Part III – Creating Your Internal Coach

5. What To Look For in an Agile Coach

5.1. Values

As the Agile Manifesto declared better ways of working, we propose a potential set of values to seek out in an Agile Coach:

  • Engaging over telling

Just as Agile philosophy values interactions between people, so will a good Agile coach make use of interactive teaching techniques by briefly discussing new concepts and then engaging students in discussions, activities, and experiments that encourage people to participate in their own learning. This skill can range from an untutored individual style to years of perfecting professional training skills.

  • Investigative style of observation (and Socratic questioning) over interrogation

While the Agile coach may have greater knowledge of Agile practices than anyone in the organization, they should have the wisdom to realize that they may not always have the right answer. Therefore, an Agile coach will not ask questions such as “Why are you not doing pair programming?” but instead allow teams to discover and decide their best solution. To accomplish this, the coach may ask things such as “What problems are you having with quality? What do you see working or not working with current practices? Is there an alternative practice we could try that may accomplish better results? Have we considered pair programming?” Such a line of questioning allows the team to select practices that work best for their environment rather than have some new Agile practice forced upon them.
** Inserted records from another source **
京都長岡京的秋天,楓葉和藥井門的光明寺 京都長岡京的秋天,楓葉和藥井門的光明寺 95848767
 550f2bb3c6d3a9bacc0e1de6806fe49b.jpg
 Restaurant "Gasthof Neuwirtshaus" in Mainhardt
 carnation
  • Facilitation over directive leadership

An Agile coach will ensure that all voices are heard rather than dictating an agenda. While achieving this balanced input through facilitation, the Agile coach will also help the team reach consensus on decisions rather than make a decision for the team. The coach should be capable of providing this facilitation to any level of the organization from delivery teams up through executive management so that they all can realize the benefit of collaborative self-management.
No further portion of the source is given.